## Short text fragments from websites
■ ■ ■ ■
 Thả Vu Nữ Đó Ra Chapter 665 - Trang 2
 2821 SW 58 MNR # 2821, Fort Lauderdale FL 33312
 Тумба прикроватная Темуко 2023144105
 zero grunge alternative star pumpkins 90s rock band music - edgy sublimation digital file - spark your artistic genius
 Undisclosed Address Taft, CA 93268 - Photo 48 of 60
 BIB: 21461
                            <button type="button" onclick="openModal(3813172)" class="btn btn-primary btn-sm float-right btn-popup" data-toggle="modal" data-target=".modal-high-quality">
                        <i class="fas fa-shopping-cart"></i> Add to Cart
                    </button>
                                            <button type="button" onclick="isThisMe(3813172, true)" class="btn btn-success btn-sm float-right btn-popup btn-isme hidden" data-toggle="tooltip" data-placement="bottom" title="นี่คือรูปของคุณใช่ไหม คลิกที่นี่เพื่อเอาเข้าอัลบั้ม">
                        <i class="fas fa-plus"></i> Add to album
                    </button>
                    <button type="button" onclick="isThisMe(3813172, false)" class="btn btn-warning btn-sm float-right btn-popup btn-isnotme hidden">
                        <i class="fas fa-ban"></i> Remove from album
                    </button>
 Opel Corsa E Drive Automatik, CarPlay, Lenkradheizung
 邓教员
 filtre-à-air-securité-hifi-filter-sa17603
■ ■ ■ ■
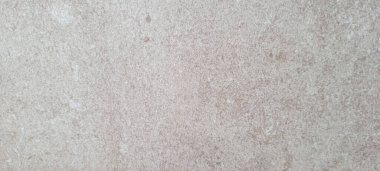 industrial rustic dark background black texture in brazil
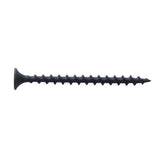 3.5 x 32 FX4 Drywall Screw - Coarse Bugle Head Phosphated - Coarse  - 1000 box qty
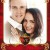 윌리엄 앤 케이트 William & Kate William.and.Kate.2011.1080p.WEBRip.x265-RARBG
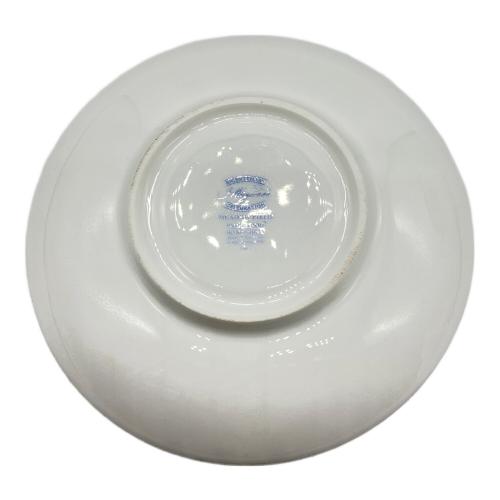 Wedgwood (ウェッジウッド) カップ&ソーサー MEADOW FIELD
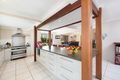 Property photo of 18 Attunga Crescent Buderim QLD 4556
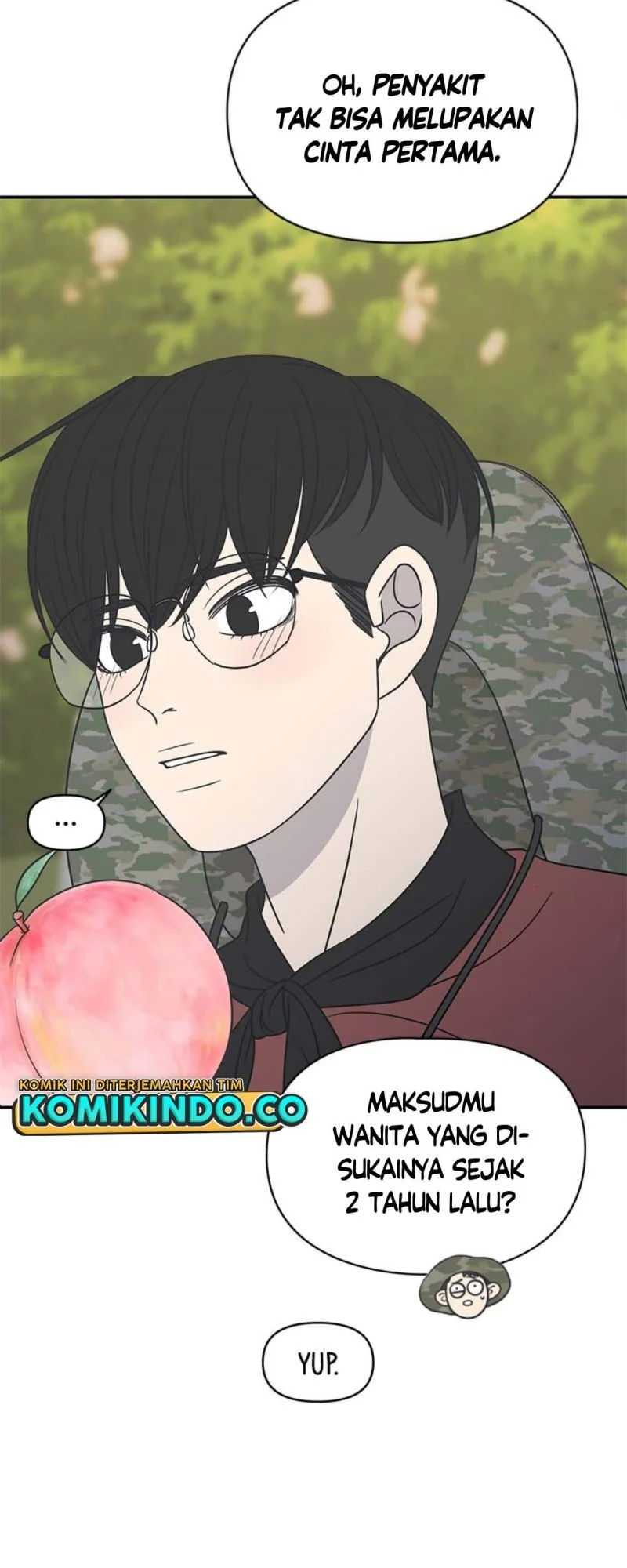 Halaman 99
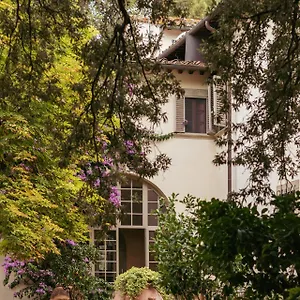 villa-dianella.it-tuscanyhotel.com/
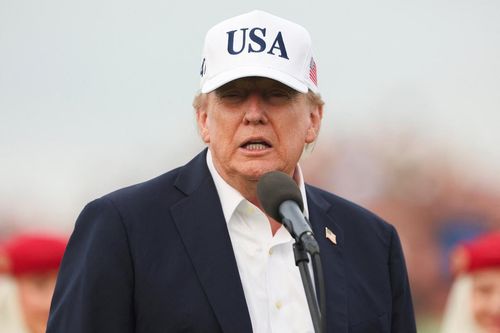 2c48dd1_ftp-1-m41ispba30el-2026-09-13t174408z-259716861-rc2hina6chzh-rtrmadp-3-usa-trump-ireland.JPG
■ ■ ■ ■
## PROBLEM TO WORK ON
Give the exact lines, and only those, from the line containing "Тумба прикроватная Темуко 2023144105" through the line containing "filtre-à-air-s" in the entries above.

## WRITTEN SOLUTION
 Тумба прикроватная Темуко 2023144105
 zero grunge alternative star pumpkins 90s rock band music - edgy sublimation digital file - spark your artistic genius
 Undisclosed Address Taft, CA 93268 - Photo 48 of 60
 BIB: 21461
                            <button type="button" onclick="openModal(3813172)" class="btn btn-primary btn-sm float-right btn-popup" data-toggle="modal" data-target=".modal-high-quality">
                        <i class="fas fa-shopping-cart"></i> Add to Cart
                    </button>
                                            <button type="button" onclick="isThisMe(3813172, true)" class="btn btn-success btn-sm float-right btn-popup btn-isme hidden" data-toggle="tooltip" data-placement="bottom" title="นี่คือรูปของคุณใช่ไหม คลิกที่นี่เพื่อเอาเข้าอัลบั้ม">
                        <i class="fas fa-plus"></i> Add to album
                    </button>
                    <button type="button" onclick="isThisMe(3813172, false)" class="btn btn-warning btn-sm float-right btn-popup btn-isnotme hidden">
                        <i class="fas fa-ban"></i> Remove from album
                    </button>
 Opel Corsa E Drive Automatik, CarPlay, Lenkradheizung
 邓教员
 filtre-à-air-securité-hifi-filter-sa17603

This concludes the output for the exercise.